更に、どちらの手法も検索手法が固定なため、複雑な質問に対応できない課題もあります。
手法

BookRAGは、ナレッジグラフとツリー構造、そしてその2つを結びつけるGT-Linkでの3つの要素を含む構造、BookIndexとして、データを保持します。ナレッジグラフにはドキュメント内の重要な単語を抜き出し、単語同士の関係性を保存します。ツリー構造には、ドキュメントの構造を解析して、図表や文章などを区別したうえで階層構造として保存します。最後に2つのデータをつなぎあわせて、BookIndexは完成します。
検索手法

BookRAGの検索時には、4つのカテゴリー(Formulator, Selector, Reasoner, Synthesizer)に分類される合計11種類の操作を組み合わせて必要な情報を検索します。
簡単にまとめると以下の操作のうち必要なものを選択して最適な検索を行います。
- 入力されたクエリをサブクエリや重要単語に分解
- 重要単語との関係性や、構造的な条件を元に参照するデータを選択(例えば、PDFの10ページ目などの条件を満たすものに限定する)
- 関連するドキュメントの関連度合いを評価(ナレッジグラフやEmbeddingを用いたスコアリング)
- 参照データを分析もしくは統合して、回答を生成
クエリの複雑さに応じて、必要な操作を切り替えて精度の高い回答生成を実現しています。
評価

ベンチマークの結果は全ての項目で、BookRAGが既存の手法と比べて高い精度を実現しています。

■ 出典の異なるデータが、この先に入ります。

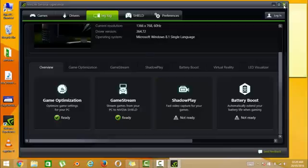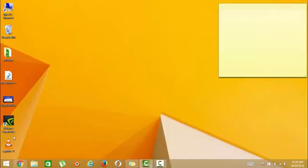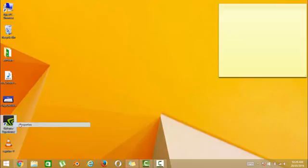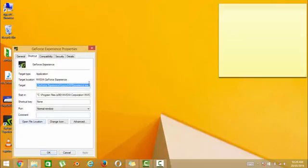So for this, close the application, right click, go into the properties and after this exe, add ShadowPlay.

一方で、LLMや複雑な検索を使用することを前提としているため、実行時間とトークンのコストは既存のシンプルなRAGでの実装と比べると10倍程度に膨らんでしまっています。ただし、同等の複雑な仕組みを持つDocETLと比較すると消費トークンは1/10程度に抑えられています。
まとめ
今回は、ナレッジグラフとツリー構造データを保管したデータベースを作成し、LLMを用いて最適な検索を実現する手法「BookRAG」について紹介しました。LLMと複雑検索を用いて実現している手法なため、時間やトークンのコストは高いものの、複雑な質問に対する回答精度はこれまでと比べられないほどに高い精度を実現している面白い手法です。複雑な質問が多くて精度がでない、という問題に遭遇している方はぜひ参考にしていただければと思います。